Pfault - enable and disable the tracing of faults

LIBRARY


Process Control Library (libproc, -lproc)

SYNOPSIS


#include <libproc.h>

int
Pfault(struct ps_prochandle *P, int which, int stop);

DESCRIPTION


The Pfault() function controls what the process P should do on faults.

A fault is a hardware event that occurs in the context of a running process
and thread. A hardware fault may occur because an illegal instruction was
executed, a breakpoint or watchpoint was encountered, or an arithmetic
exception occurred, among others. The full list of faults is available in
both proc(5) and <sys/fault.h>.

For each hardware fault, a process may be configured to stop the thread
that encountered it when it occurs. The value of the stop parameter
controls whether or not the listed fault in which will cause the thread to
trap. A value of 1 indicates the thread should stop; a value of 0
indicates it should not.

The value of which indicates which hardware fault the change applies to.
However, if the value of which is zero, then it applies to all faults.

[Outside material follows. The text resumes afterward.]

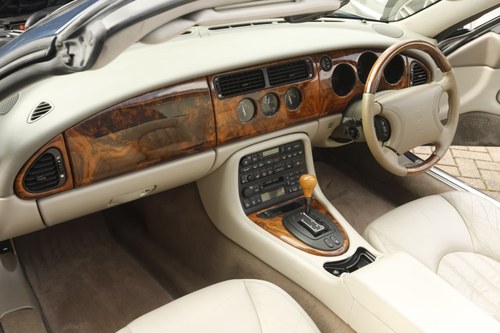 2000 Jaguar XK8 Convertible For Sale (picture 99 of 250)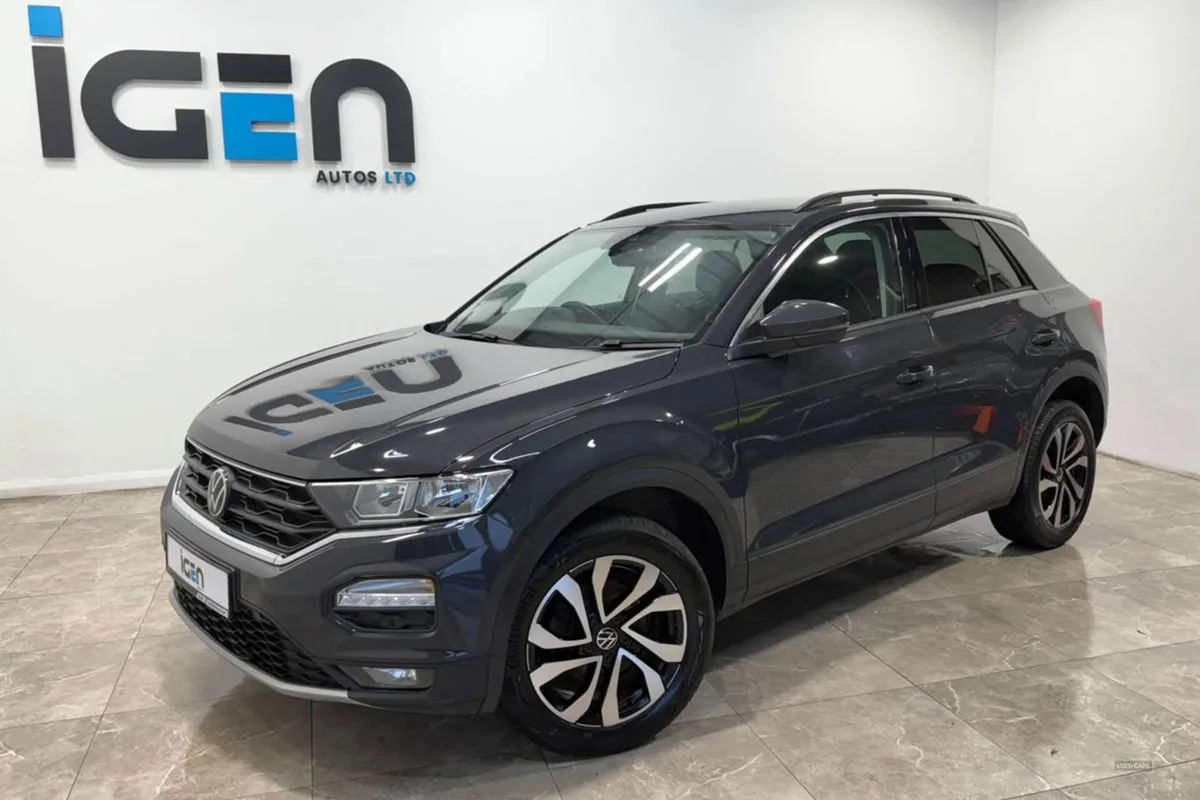 Volkswagen T-Roc 2.0 T-roc Active TDI Evo 5dr - Image 1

The Pfault() function only applies to actively running processes. It does
not function on handles that refer to core files, zombie processes, or ELF
objects.

RETURN VALUES


Upon successful completion, the Pfault() function returns the old
disposition of the fault -- 0 if it was not set to stop and 1 if it was --
and the fault state is updated. Otherwise, -1 is returned, errno is
updated with the error that occurred, and the fault state is not updated.

ERRORS


The Pfault() function will fail if:

EINVAL The value of which is invalid, e.g. it is less than zero
or greater than the largest defined fault.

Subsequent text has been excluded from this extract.